UNA CHICA LLAMADA ÁNGEL


Está no es una historia de amor.

Ángel es una chica que ha alcanzado la madurez cómo mujer. Tiene un cuerpo de bandera.

Imaginen por un momento a la chica de sus sueños, !!si a todos ustedes, sin excepción alguna!!

Piensen en ese chica que os gusta, sexi, bonita, simpática, agradable, misteriosa e inteligente y muchas otras cosas hermosas.

Ahora introduzcamos esa mujer de vuestros sueños en una máquina capaz de recrear la mujer perfecta para cada uno de ustedes. Ángel es así.

No le gusta vestir con ropas holgadas, más bien ajustadas. La prenda de arriba, ya sea un suéter o camiseta no le importa si le queda algo suelta. Por lo demás pantalones, faldas, etcétera, le gusta que sean estrechas. No por presumir, sino mas bien porque sé siente libre.

Tiene veinticuatro años, dentro de un día cumplirá los veinticinco.

En estos momentos camina de casa al trabajo, son las ocho menos veinte de la mañana.

Ángel tiene coche, apenas lo coge y menos para ir al trabajo. Le encanta caminar, a estas horas de la mañana. Siempre alegre pues sé va encontrando con gente que también va al trabajo o bien regresan y con una sonrisa mañanera les da los buenos días.

No tiene novio, pero pretendientes un montón, a todos les da de lado.

Su padre a falta de madre, se preocupa por ella y le extraña que no tenga novio aun.

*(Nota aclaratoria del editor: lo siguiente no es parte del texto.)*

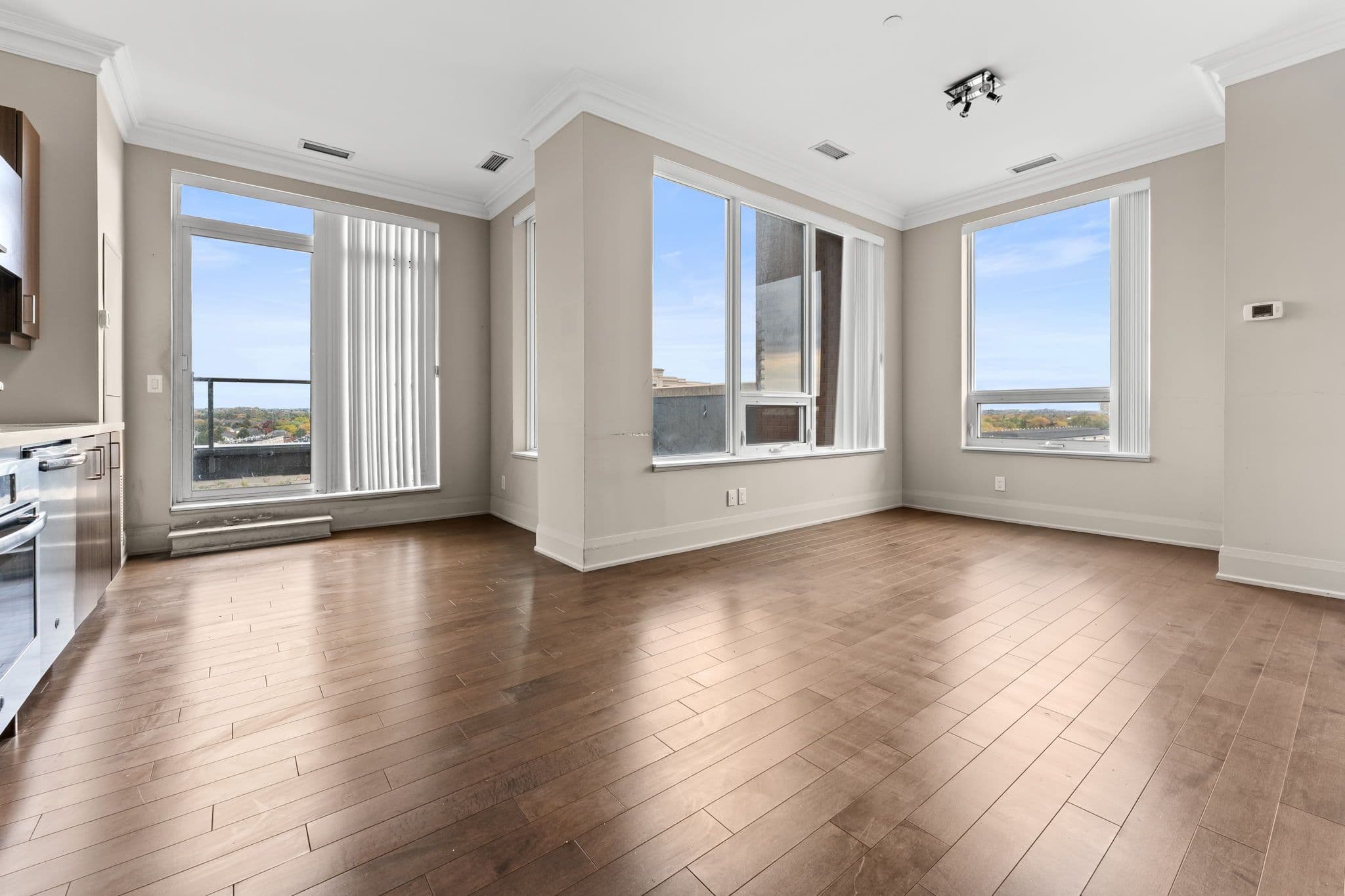 28 Uptown Drive Ph15, Markham, ON L3R 5M8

No es porque no encuentre uno que le atraiga, simplemente no quiere estar atada a nadie. Por alguna razón inexplicable, Ángel reserva su amor, para un privilegiado.

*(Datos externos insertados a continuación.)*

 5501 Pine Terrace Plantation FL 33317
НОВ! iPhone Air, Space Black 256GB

El camino al trabajo, lo anda en un cuarto de hora, le gusta llegar al trabajo unos minutos antes para preparar la tienda y dejarla lista para comenzar a vender.

A las ocho de la mañana suele venir mucha gente a desayunar, pues en la tienda vende pan y hace ricos bollos, cuenta con algunas mesas.

Y cómo siempre suele hacer mientras camina, es cruzar por un pequeño parque que le llevara a una plaza llamada costa del sol en Córdoba. Es invierno y por eso abre a las ocho. Ya suele haber gente esperando a esos bollos que se convertirán en bocadillos.

Hoy las cosas no serán como de costumbre. Mientras da ese paseo matutino de cada mañana, en el parque ocurre lo siguiente.

Mientras camina pensativa y después de algunos saludos a gente que conoce, sé adentra en el parque para acortar camino.

Entonces ángel escucha unas palabras.

—por favor puede ayudarme.

Ángel la ha escuchado bien, pero el caso es que esas palabras le han dado miedo. Así que así caso omiso y continua caminando unos pasos. La voz que es de un hombre suena de nuevo.

—Ángel ayúdeme.

Eso no sé lo esperaba, la voz no la reconoce, pero ese alguien a ella si.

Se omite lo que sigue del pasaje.